Normally latency does not matter too much even for a DSP, but if we need to take an input channel, make some serious modifications to it in the DSP and send it back out on an output channel for realtime broadcast latency becomes a killer. Ive done some testing via USB and I can achieve sampling at 48000Hz, with 2 sample periods at 64 frames per block. That is 1.3ms per block by 2, so 2.6ms through the DPS. Latency in the drivers can also be an issue to and the time taken to place it in shared memory. The human ear also has a latency and to fool all sensitive ears we need under 10ms total ideally 7ms.

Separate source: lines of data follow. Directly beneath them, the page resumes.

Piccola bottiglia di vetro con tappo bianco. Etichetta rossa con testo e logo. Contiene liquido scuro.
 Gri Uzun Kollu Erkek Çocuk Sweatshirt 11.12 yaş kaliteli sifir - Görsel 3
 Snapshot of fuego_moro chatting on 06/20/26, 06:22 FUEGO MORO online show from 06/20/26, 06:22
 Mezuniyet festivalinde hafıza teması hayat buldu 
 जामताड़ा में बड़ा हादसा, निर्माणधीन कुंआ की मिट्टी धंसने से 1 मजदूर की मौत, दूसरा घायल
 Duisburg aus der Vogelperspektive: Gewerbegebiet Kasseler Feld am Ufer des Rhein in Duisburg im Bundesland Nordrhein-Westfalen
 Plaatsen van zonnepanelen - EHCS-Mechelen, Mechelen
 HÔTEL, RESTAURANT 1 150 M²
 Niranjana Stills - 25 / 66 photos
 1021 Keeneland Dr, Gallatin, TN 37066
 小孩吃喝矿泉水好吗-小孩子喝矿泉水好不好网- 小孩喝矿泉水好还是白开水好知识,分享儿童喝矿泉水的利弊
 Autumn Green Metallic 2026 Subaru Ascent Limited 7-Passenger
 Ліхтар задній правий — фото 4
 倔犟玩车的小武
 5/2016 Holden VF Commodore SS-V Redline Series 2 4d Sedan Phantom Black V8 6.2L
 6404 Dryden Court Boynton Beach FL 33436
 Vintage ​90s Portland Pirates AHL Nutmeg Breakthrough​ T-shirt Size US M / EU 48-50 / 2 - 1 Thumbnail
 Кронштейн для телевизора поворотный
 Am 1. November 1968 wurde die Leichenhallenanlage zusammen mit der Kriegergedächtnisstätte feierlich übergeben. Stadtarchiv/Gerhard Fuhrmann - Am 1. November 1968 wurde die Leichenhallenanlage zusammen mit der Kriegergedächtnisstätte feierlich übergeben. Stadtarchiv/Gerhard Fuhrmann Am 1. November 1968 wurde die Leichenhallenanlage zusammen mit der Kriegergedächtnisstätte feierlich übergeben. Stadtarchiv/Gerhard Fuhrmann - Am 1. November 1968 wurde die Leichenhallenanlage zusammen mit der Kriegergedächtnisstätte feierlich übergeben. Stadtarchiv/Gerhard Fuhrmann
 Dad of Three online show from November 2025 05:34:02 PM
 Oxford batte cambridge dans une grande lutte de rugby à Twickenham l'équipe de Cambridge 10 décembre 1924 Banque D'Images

The C2 has more than enough cpu power to drive the DSP I just need a way to get the audio channels in and out of shared memory. Even with DMA driver emulation I suspect I can get close to the latency I need as there are quiet a few milliseconds of latency to play with.

miceopede
Posts: 3
Joined: Fri Sep 09, 2016 1:52 pm
languages_spoken: english
ODROIDs: c2
Has thanked: 0
Been thanked: 0
Contact:

Re: I2S peripheral info?

Post by miceopede »

crashoverride wrote: The optimal solution I found for driving ALSA was to create a thread to do it using snd_pcm_delay to figure out where the playback is at and snd_pcm_writei to drive the playback in a continuous loop.
Interesting. So your application loops continuously calling snd_pcm_delay, until the delay is <frames/per period? Then do the writei() with one period worth?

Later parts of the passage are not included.